Bien, la transformación de López Obrador parte de negar la transformación. Si somos seres finitos en el tiempo y nuestra acción es siempre permanente, la transformación es y es imparable, aún a pesar de nosotros. Podría parar si acabamos con la vida en el planeta, como consecuencia del fin del sujeto que actúa, pero ese es otro cantar. En otras palabras, la transformación no es un bien apropiable, que pueda escriturarse, ni propio de monopolio. Es una constante universal; si se me permite el atrevimiento, es metafísica: “es”.
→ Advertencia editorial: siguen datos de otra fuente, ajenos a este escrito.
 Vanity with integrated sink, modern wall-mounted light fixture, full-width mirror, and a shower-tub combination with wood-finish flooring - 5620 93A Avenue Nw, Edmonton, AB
Y como Marx —guardadas sus obvias diferencias—, López Obrador se apropia de la transformación para erigir un mundo que ya no pueda transformarse. López se adueña de la acción política, de la historia, de la pluralidad y de la ausencia de fin del pensamiento y acción humanos en permanente transformación, para cambiar la naturaleza y mudanza del cambio.
Transforma para que con él cese toda transformación. Que se pare el mundo. Trabaja para que nada ni nadie pueda transformar lo que es de suyo transformable, mientras haya vida, pensamiento y libertad. Pretende legislar el futuro para que nadie pueda desmontar su destrucción.
Cual si fuera la producción de una mesa, López Obrador pretende imponerle fines a la acción política y a la historia, prescribe el fin del componente mudable de la acción. Diría Arendt (y hablaba sobre Marx): “el ‘cambio del mundo’ tiende entonces a impedir definitivamente que los hombres actúen y produzcan cambios. Obtenemos así un mundo, a que a lo sumo podemos agregarle objetos”, (trenes, aeropuertos y refinerías), hasta que el aburrimiento y el tiempo conduzcan a la destrucción de los objetos que, en apariencia, se oponen al curso libre de la acción.
La transformación de López Obrador lleva inscrita en el alma su propia muerte: al dejar de transformar, será rebasada por la verdadera mudanza humana. Miles de años adelante alguien la desenterrara cual momia egipcia, drenada de toda vida y envuelta entre paños para el olvido. Porque la política no es producir momias ni obras faraónicas. Aquel desconocido prehistórico que alzó el brazo en defensa de otro, no fabricó ningún producto: creo sentido digno de recuerdo y emulación. No pretendía clausurar con él el mundo, quería hacerlo vivible.